EU-Grenzen gegen Flüchtlinge abschotten, aber wie?

EU-Innenminister wollen „politisch“ auf Flüchtlingsproblem reagieren. Stufenplan für gemeinsame europäische Grenztruppen in Vorbereitung

BRÜSSEL taz ■ Zum „Internationalen Tag des Flüchtlings“ in der kommenden Woche leistet die Europäische Union einen Beitrag der eigenen Art. Am Donnerstag beschlossen die EU-Innenminister in Luxemburg „frühzeitige politische Reaktionen“, wenn Herkunftsländer nicht konsequent gegen Menschenschmuggler und Passfälscher vorgehen. Die Entscheidung über diese politischen Reaktionen wollen die Minister dem allgemeinen Rat überlassen, der am Montag zusammentritt.

Der deutsche Innenminister Otto Schily konnte sich nicht damit durchsetzen, die wirtschaftliche Zusammenarbeit auszusetzen oder Entwicklungshilfe einzufrieren, wenn Herkunftsländer ihre Grenzen für Ausreisewillige nicht dichtmachen. Vor allem die französische, schwedische und belgische Regierung lehnen Wirtschaftssanktionen ab.
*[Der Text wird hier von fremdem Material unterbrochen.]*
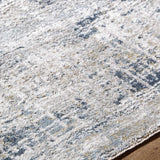 Neron Abstract Runner Rug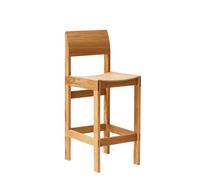 Special bar stool 65 Form & Refine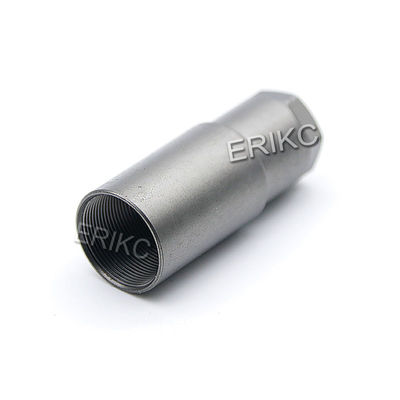 ERIKC For BOS piezo diesel injection nozzle head cap fuel engine injector nozzle nut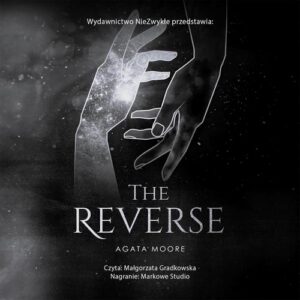 Okładka: The Reverse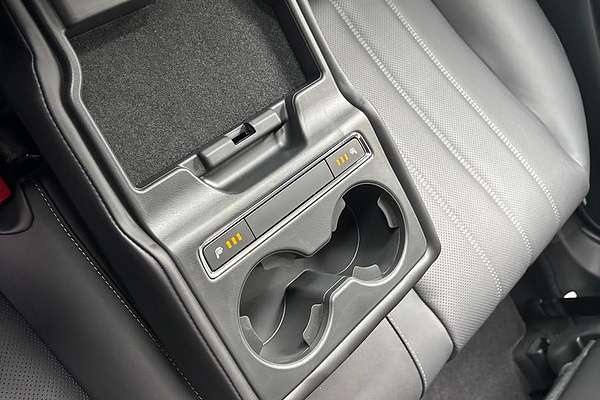 2024 Mazda 6 G35 Atenza GL Series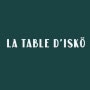 La Table d'Iskö Eaux Bonnes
Der britische Innenminister David Blunkett setzt auf Rückkehrhilfen, um Regierungen zu bewegen, ihre Bürger zurückzunehmen. Entwicklungskommissar Nielson sagte, Sanktionsdrohungen machten „wenig Sinn“, da die meisten Flüchtlinge aus Krisengebieten kämen, in denen die EU keine Entwicklungshilfeprojekte durchführe. Der spanische Innenminister Mariano Rajoy betonte, dass nun die Außenminister am Zug seien.
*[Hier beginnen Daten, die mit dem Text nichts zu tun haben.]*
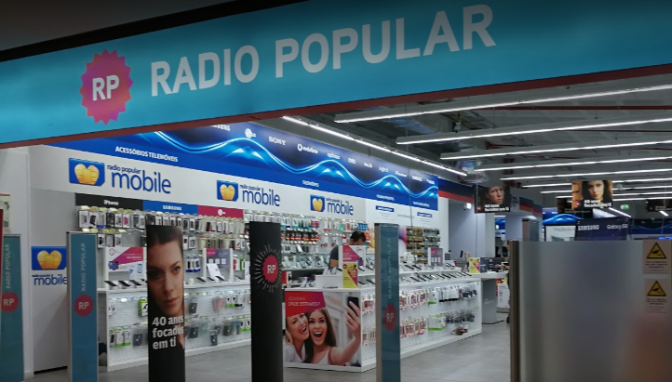 Rádio Popular abre esta quinta-feira a nova loja de Beja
Die EU-Kommission hat nach den rechtslastigen Wahlergebnissen der letzten Monate ihre liberale flüchtlingsfreundliche Linie abgeschwächt. Innenkommissar Antonio Vitorino, der bislang den Beitrag der Migranten zum Arbeitsmarkt betont hatte, will im Herbst Vorschläge machen, wie die Außengrenzen der EU besser geschützt werden können. Kommissionspräsident Romano Prodi warnte am Mittwoch vor dem Europaparlament, „in Dämonisierung zu verfallen“. Die Ängste der Bürger müssten aber ernst genommen werden, sonst hätten liberale Vorschläge keine Chance mehr.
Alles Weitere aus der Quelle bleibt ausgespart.